В вавилонском сказании этот прием решительно отвергается — повторы заменены динамичным и поэтическим описанием «Страны без возврата», куда Иштар замыслила направиться:

К Стране без возврата, Земле великой,
Иштар, дочь Сина, обратила мысли.
Обратила дочь Сина свои светлые мысли
К дому мрака, жилищу Иркаллы,
Откуда входящему нет возвращенья,
К пути, откуда нет возврата,
Где жаждут напрасно вошедшие света,
Где пища их — прах, где ода их — глина,
Где, света не видя, живут во мраке,
Одеты, как птицы, одеждою крыльев,
На дверях и засовах стелется прах.

И так почти всегда: схематизму шумерских памятников противостоит лаконизм вавилонских, и, отбрасывая все лишнее, вавилонские авторы добиваются большего стилистического разнообразия и красочной разработки отдельных эпизодов. То же касается и характеристики героев: обобщенные персонажи шумерских сказаний сменяются образами более индивидуализированными, и эта индивидуализация, как правило, достигается более четким и развернутым описанием их поступков и мотивов действий.

Для усиления художественной характеристики персонажа продуманно и сознательно употребляются разнообразные тропы, постоянный эпитет становится способом выражения поэтической мысли, прием параллелизма, неотъемлемая часть древневосточной поэзии, прочно занимает свое место среди набора художественных средств вавилонской поэзии.

Более свободная в своих выразительных средствах вавилонская литература может решать и более сложные задачи идейного характера.

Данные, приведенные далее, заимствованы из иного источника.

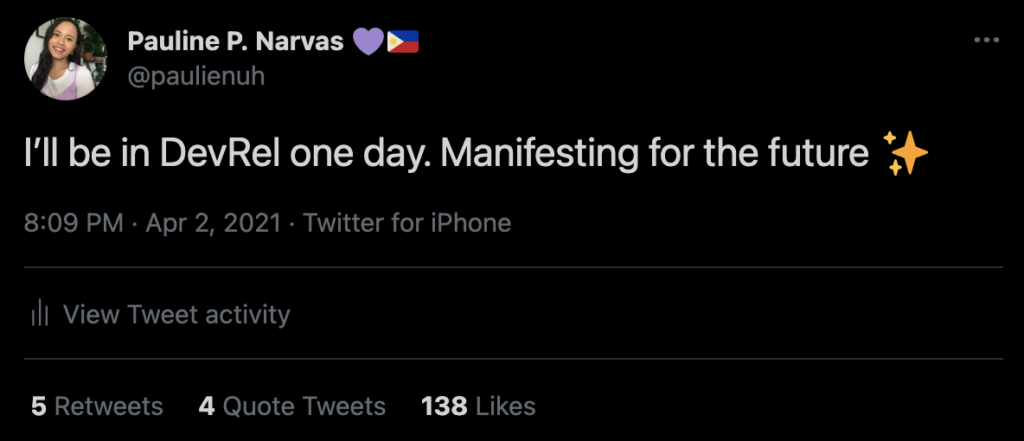 A tweet by Pauline that reads: "I'll be in DevRel one day. Manifesting for the future."
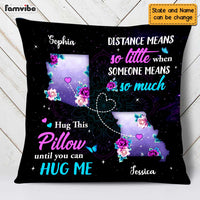 Personalized Distance Means So Little Long Distance Pillow AG153 32O47 thumb 1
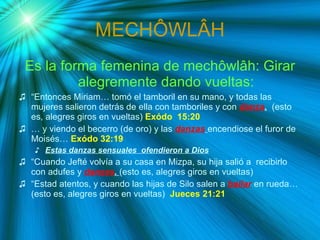 MECH Ô WL Â H Es la forma femenina de mech ôwlâh: Girar alegremente dando vueltas: “ Entonces Miriam… tomó el tamboril en su mano, y todas las mujeres salieron detrás de ella con tamboriles y con  danza .   (esto es, alegres giros en vueltas)  Exódo  15:20 …  y viendo el becerro (de oro) y las  danzas   encendiose el furor de Moisés…  Exódo 32:19  Estas danzas sensuales  ofendieron a Dios “ Cuando Jefté volvía a su casa en Mizpa, su hija salió a  recibirlo con adufes y  danzas .  (esto es, alegres giros en vueltas) “ Estad atentos, y cuando las hijas de Silo salen a  bailar   en rueda… (esto es, alegres giros en vueltas)  Jueces 21:21 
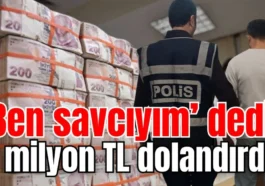 ‘Ben savcıyım’ dedi! 3 milyon TL dolandırdı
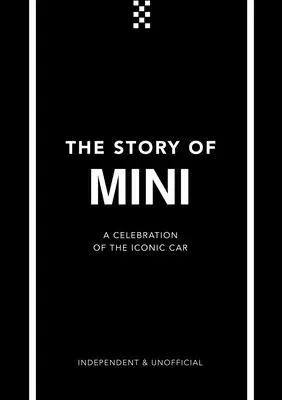 Príbeh Mini: Pocta ikonickému automobilu - The Story of Mini: A Tribute to the Iconic Car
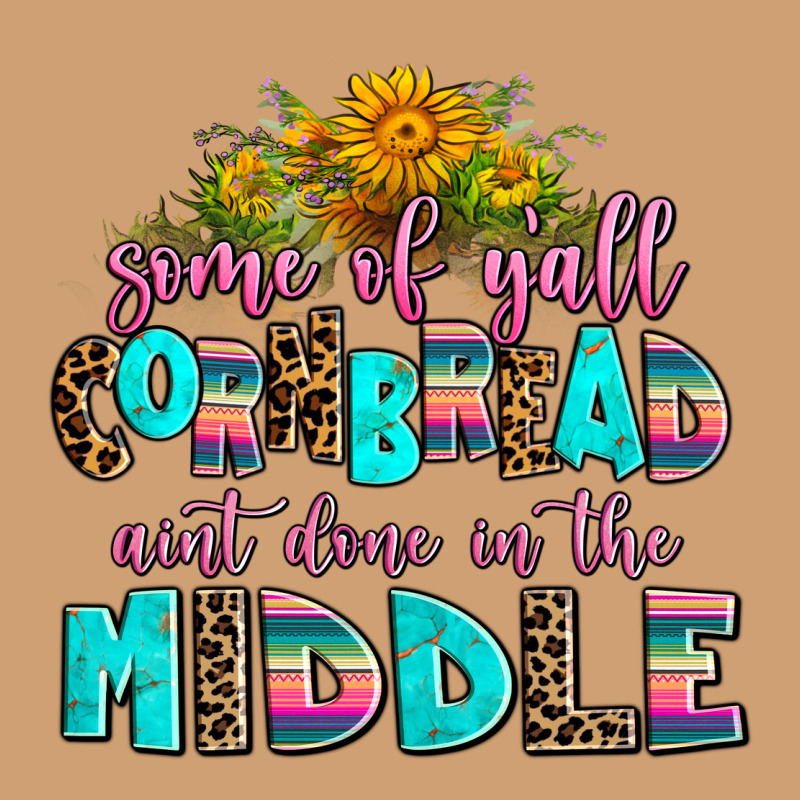 Some Of Yall Cornbread Aint Done In The Middle Vintage Tee by AdoDesignShop | Teevron
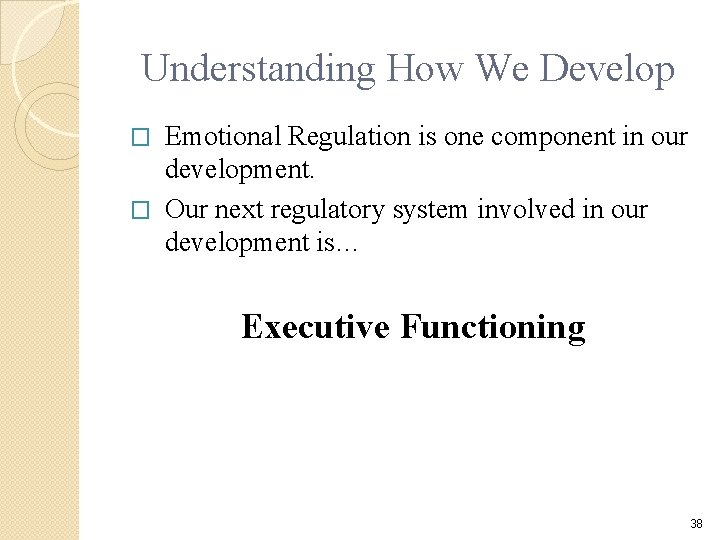 Understanding How We Develop Emotional Regulation is one component in our development. � Our Understanding How We Develop Emotional Regulation is one component in our development. � Our
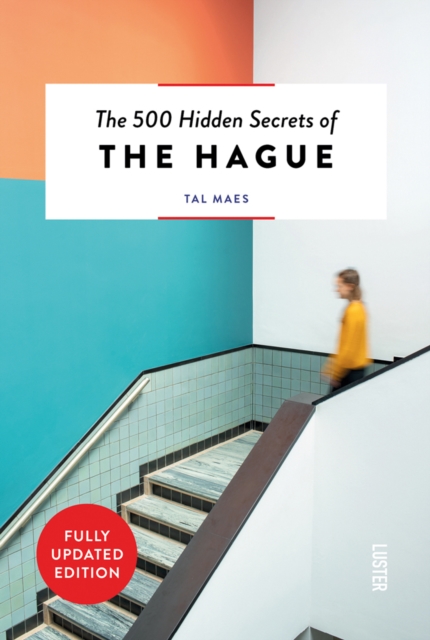 The 500 Hidden Secrets of The Hague, Paperback / softback Book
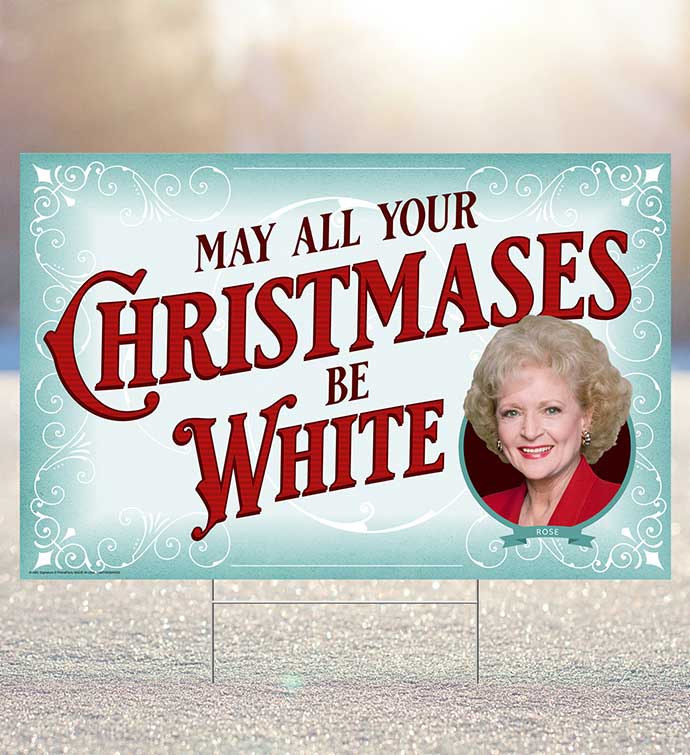 Golden Girls Red Yard Sign May Your Christmases Be White
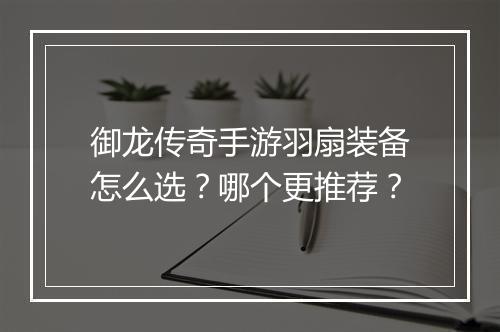 御龙传奇手游羽扇装备怎么选？哪个更推荐？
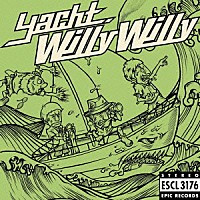 Ｙａｃｈｔ．「 Ｗｉｌｌｙ　Ｗｉｌｌｙ」
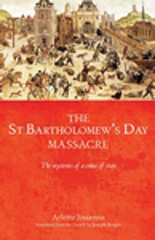 E-book, Saint Bartholomew's Day massacre : The mysteries of a crime of state, Manchester University Press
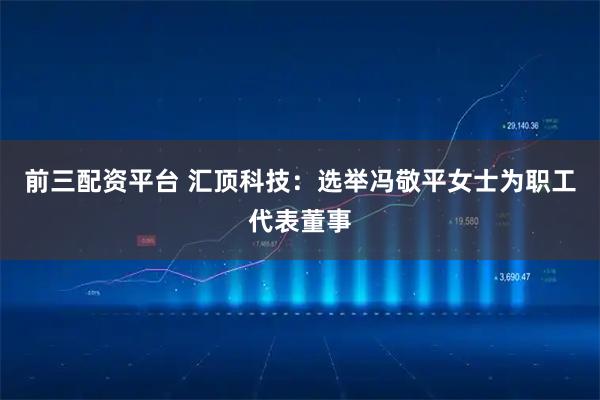 前三配资平台 汇顶科技：选举冯敬平女士为职工代表董事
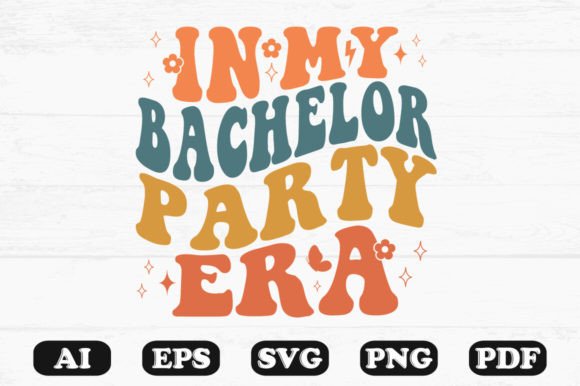 In My Bachelor Party Era Retro Wavy Svg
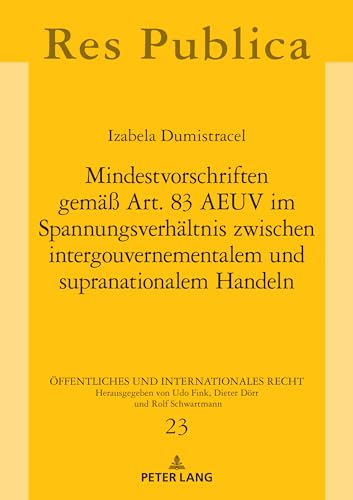 Mindestvorschriften gemäß Art. 83 AEUV im Spannungsverhältnis zwischen intergouvernementalem und supranationalem Handeln (Öffentliches und Internationales Recht, Band 23) von Peter Lang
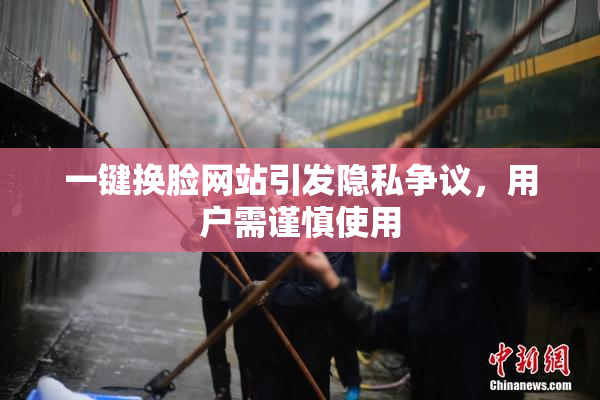 一键换脸网站引发隐私争议，用户需谨慎使用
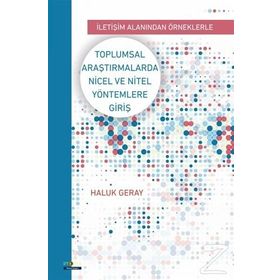 Toplumsal Araştirmalarda Nicel ve Nitel Yöntemlere Giriş - Haluk Geray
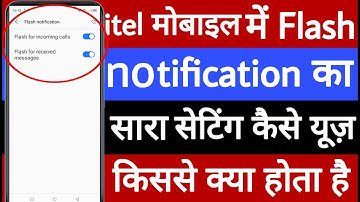 itel mobile mein flash notification ka sara setting kaise use Karen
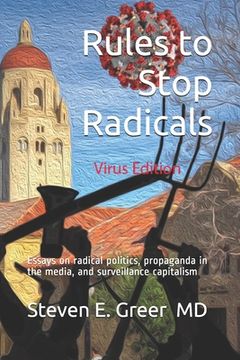 portada Rules to Stop Radicals: A book of essays on political corruption, propaganda in the media, and the surveillance economy (en Inglés)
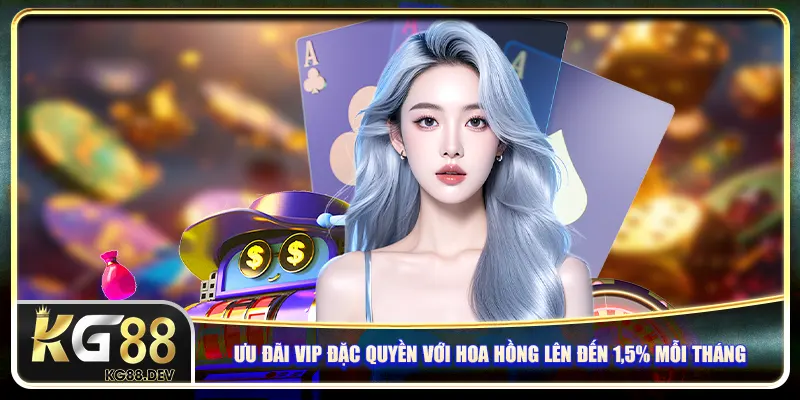 Ưu đãi VIP Kg88 đặc quyền với hoa hồng lên đến 1,5% mỗi tháng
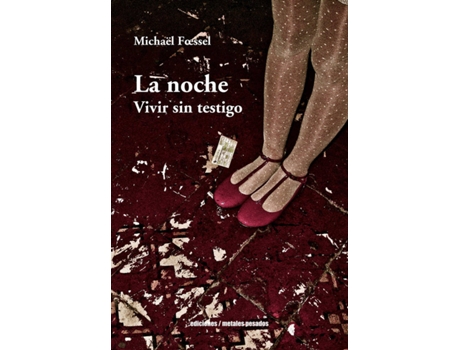 Livro La Noche. Vivir Sin Testigo de Michaël Foessel (Espanhol)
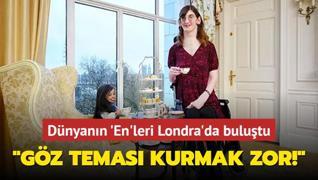 Dnyann 'En'leri Londra'da bulutu: Gz temas kurmak zor!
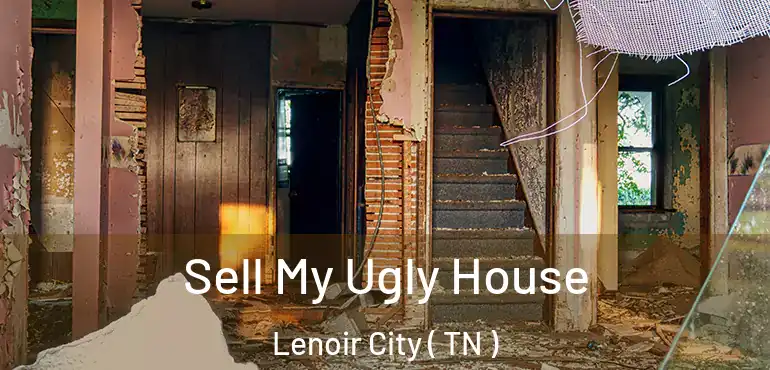  Sell My Ugly House Lenoir City ( TN )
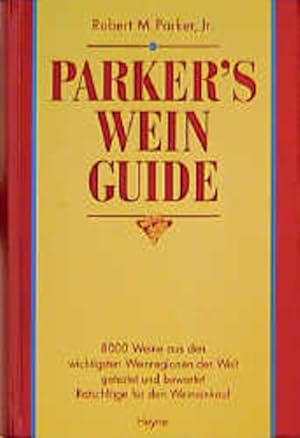 Bild des Verkufers fr Parker's Wein-Guide: 8000 Weine aus den wichtigsten Weinregionen der Welt getestet und bewertet zum Verkauf von Buchhandlung Loken-Books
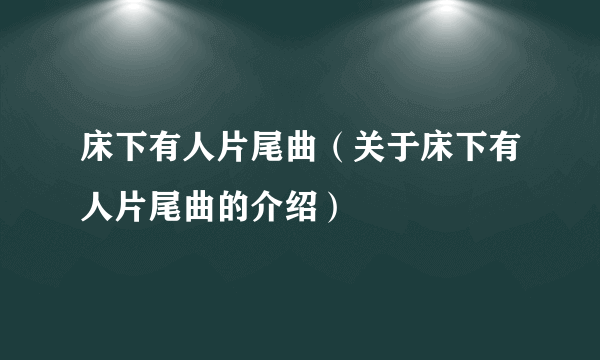 床下有人片尾曲（关于床下有人片尾曲的介绍）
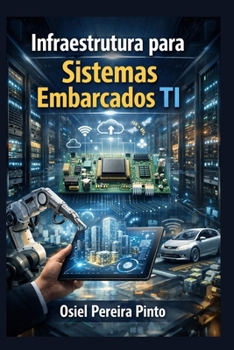 Infraestrutura para Sistemas Embarcados TI (Portuguese Edition)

С развитием религиозных и этических доктрин каждое произведение несло определенную идеологическую окраску. Не случайно лейтмотивом эпосов об Адапе и Гильгамеше стала горькая мысль: бессмертие — удел богов, людям все равно не достигнуть его; не случайно к эпосу о Гильгамеше добавляется двенадцатая таблица о жизни в подземном царстве с последовательно проведенной идеей: исполняй культы, и за это, только за это, воздастся тебе. Усиление влияния религии, упрочение царской власти сказалось на том, что многие произведения вавилонской литературы, например многочисленные гимны к богам, стали недвусмысленными выразителями официальной идеологии и внушали читателю или слушателю смирение перед богом и покорность царю. Но наряду с ними и в противовес им возникает литература, отразившая если не оппозиционные, то, во всяком случае, независимые устремления вавилонского общества, его не укладывающиеся ни в какие догмы духовные запросы.

Именно в вавилонской литературе появляется философский пессимистический «Разговор господина и раба», признающий право на существование противоположных воззрений, появляется лукавый бедняк, сумевший обмануть градоначальника, появляется, наконец, Гильгамеш, который попытался не поверить мудрому, но равнодушному совету богов смириться и дерзнул подвергнуть сомнению неизменность их решения о сроках человеческой жизни.

Здесь важен даже не самый факт появления таких воззрений (они могли существовать, да и безусловно существовали в шумерский период), для нас важно, что они начали проникать в литературу письменную.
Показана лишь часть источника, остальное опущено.